In [30]:
import cv2
import os
import re
import numpy as np
import albumentations as A
import shutil
import os
import random
import shutil

In [None]:
directory = '../../data/starting_dataset/images'

for filename in os.listdir(directory):
    match = re.match(r'Лист \((\d+)\)\.jpg', filename)
    if match:
        number = match.group(1)
        new_filename = f'list_{number}.jpg'
        old_file = os.path.join(directory, filename)
        new_file = os.path.join(directory, new_filename)
        os.rename(old_file, new_file)
    else:
        print(f'Skipped: {filename}')

In [None]:
directory = '../../data/starting_dataset/defects'

for filename in os.listdir(directory):
    match = re.match(r'(\d+)_Лист \((\d+)\)_(.+)\.jpg', filename)
    if match:
        part1 = match.group(1)
        part2 = match.group(2)
        uuid = match.group(3)
        new_filename = f'{part1}_list_{part2}_{uuid}.jpg'
        old_file = os.path.join(directory, filename)
        new_file = os.path.join(directory, new_filename)
        os.rename(old_file, new_file)
    else:
        print(f'Skipped: {filename}')


In [4]:
def calculate_yolo_bbox(original_shape, cropped_shape, top_left):
    orig_height, orig_width = original_shape[:2]
    crop_height, crop_width = cropped_shape[:2]
    
    center_x = (top_left[0] + crop_width / 2) / orig_width
    center_y = (top_left[1] + crop_height / 2) / orig_height

    bbox_width = crop_width / orig_width
    bbox_height = crop_height / orig_height

    return center_x, center_y, bbox_width, bbox_height

In [14]:
original_images_dir = '../../data/starting_dataset/images'
cropped_images_dir = '../../data/starting_dataset/defects'
output_dir = '../../data/starting_dataset/labels'

if not os.path.exists(output_dir):
    os.makedirs(output_dir)

In [15]:
for filename in os.listdir(cropped_images_dir):
    match = re.match(r'(\d+)_list_(\d+)_(.+)\.jpg', filename)
    if match:
        cropped_image_path = os.path.join(cropped_images_dir, filename)

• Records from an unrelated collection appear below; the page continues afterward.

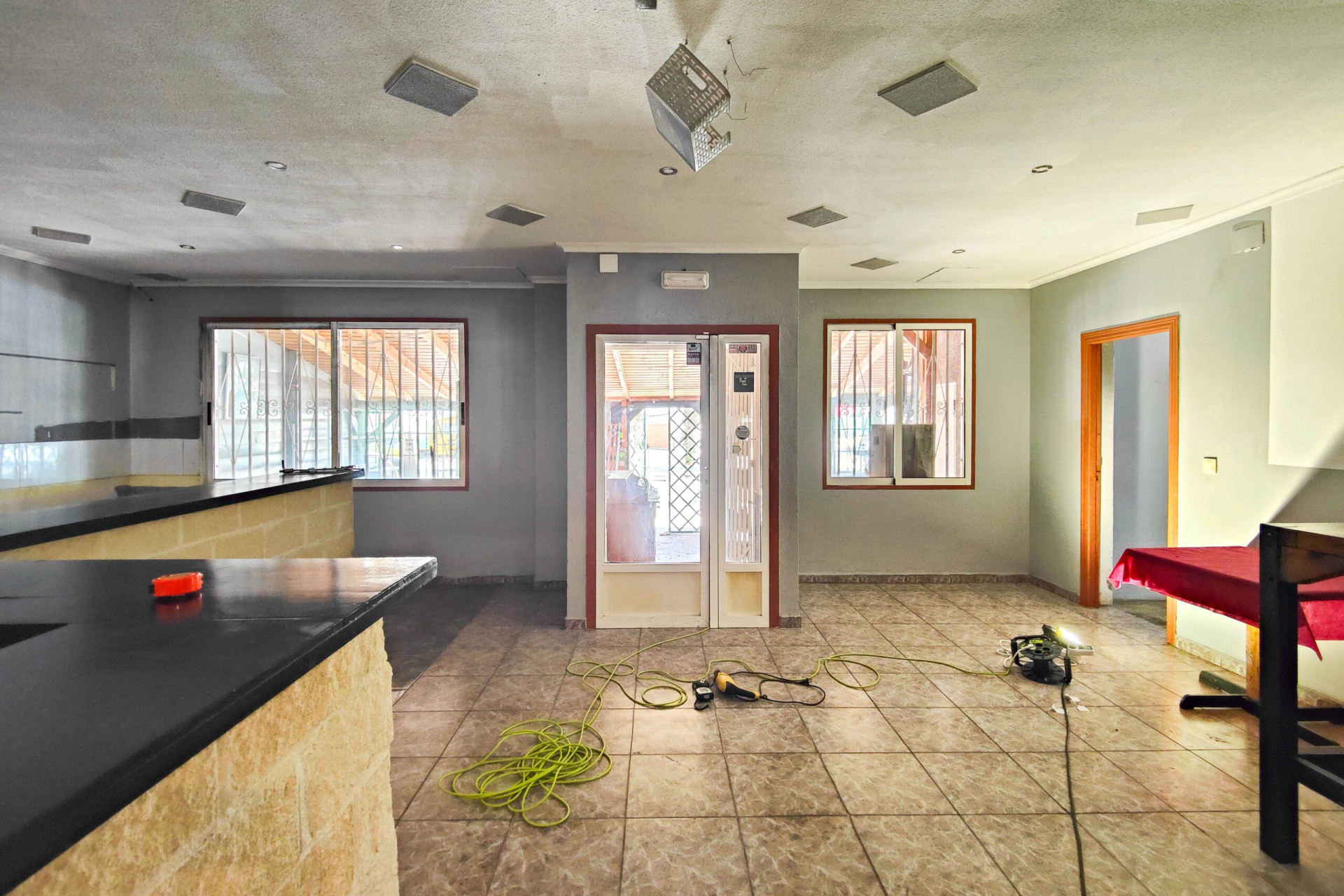 Resale - Commercial Unit - Torrevieja - La Siesta - El Chaparral - San Luis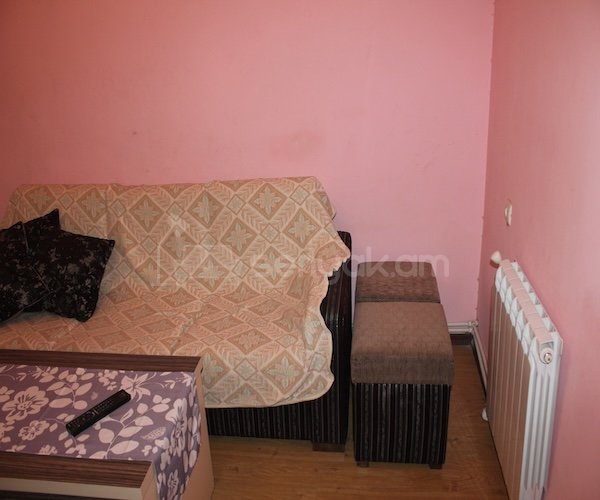2 Սենյականոց Բնակարան, 48քմ, 6/9 հարկ, Կապիտալ Վերանորոգված, Կահավորված, Արևկող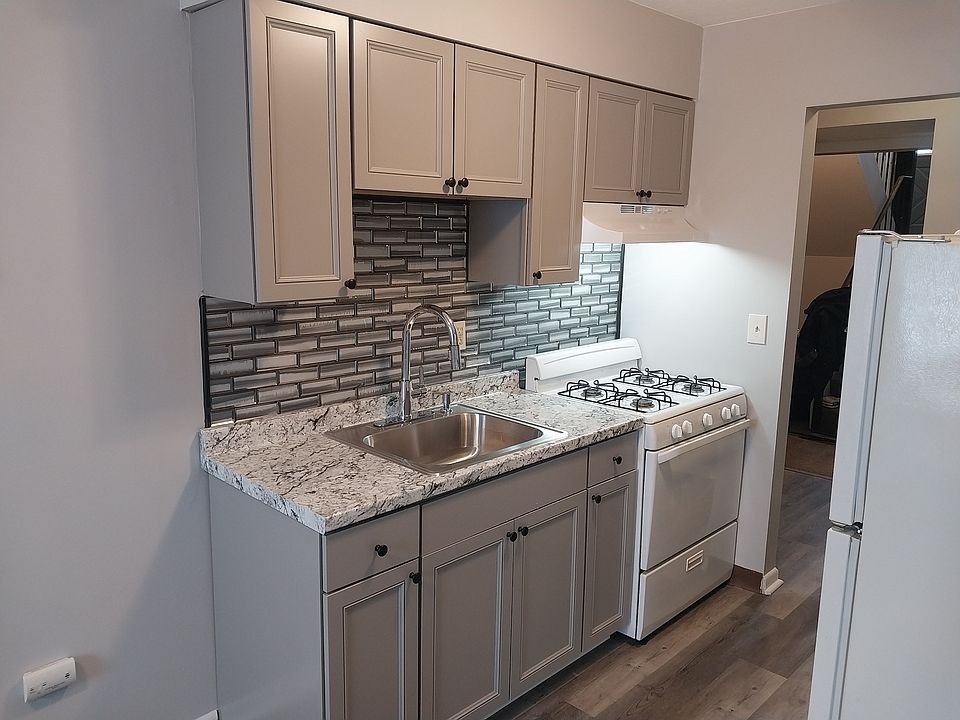 1st image of 61 N Main St #E-1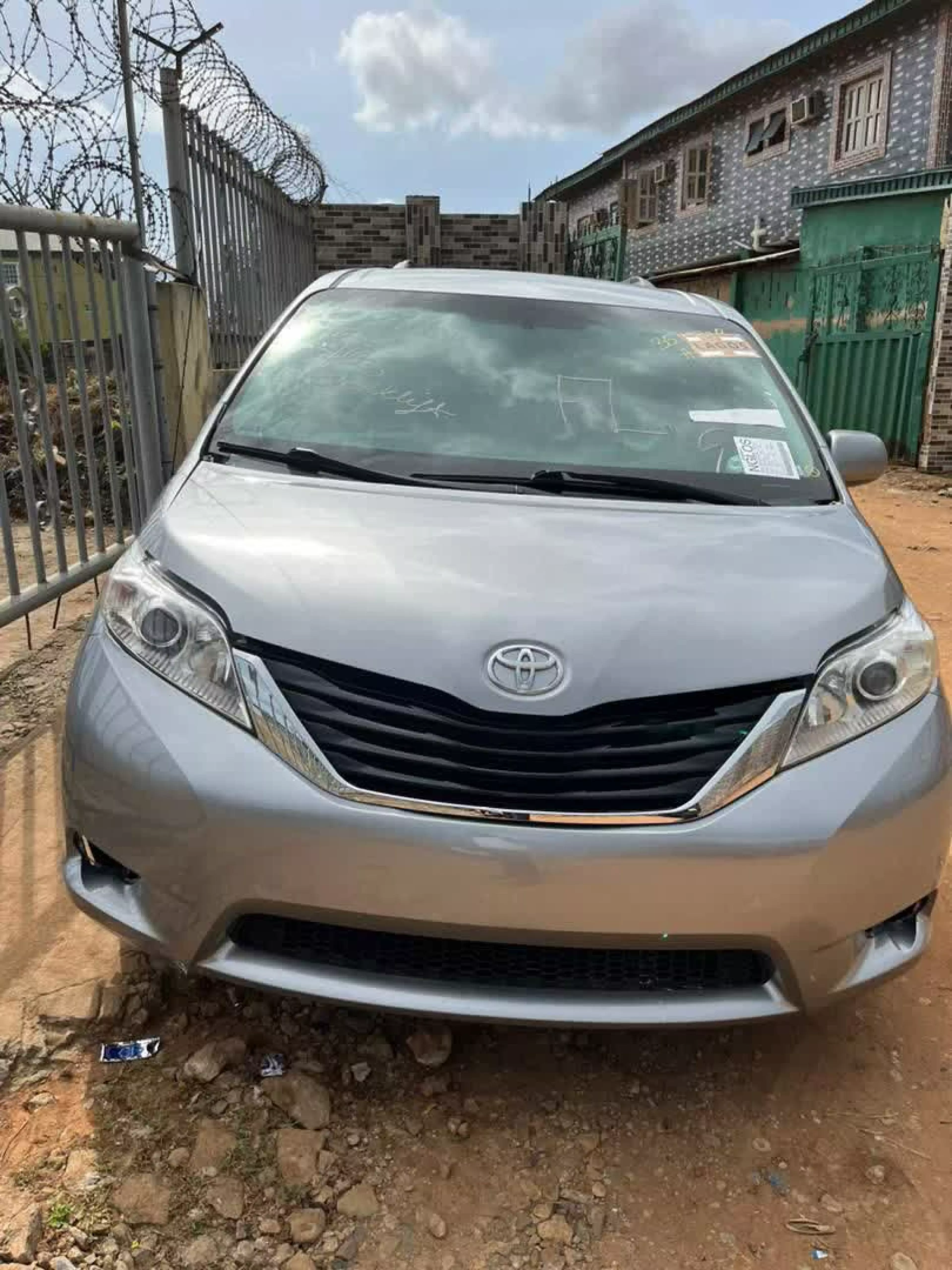 Toyota Sienna - 2011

        number = match.group(1)
        list_number = match.group(2)
        uuid = match.group(3)
        
        original_image_filename = f'list_{list_number}.jpg'
        original_image_path = os.path.join(original_images_dir, original_image_filename)

        original_image = cv2.imread(original_image_path)
        cropped_image = cv2.imread(cropped_image_path)

        if original_image is None or cropped_image is None:
            print(f"Error: Couldn't load image(s) for {filename}")
            continue

        result = cv2.matchTemplate(original_image, cropped_image, cv2.TM_CCOEFF_NORMED)
        _, _, _, max_loc = cv2.minMaxLoc(result)

        yolo_bbox = calculate_yolo_bbox(original_image.shape, cropped_image.shape, max_loc)

        annotation_filename = f'list_{list_number}.txt'
        annotation_path = os.path.join(output_dir, annotation_filename)
    
        with open(annotation_path, 'a') as f:
            f.write(f"0 {yolo_bbox[0]} {yolo_bbox[1]} {yolo_bbox[2]} {yolo_bbox[3]}\n")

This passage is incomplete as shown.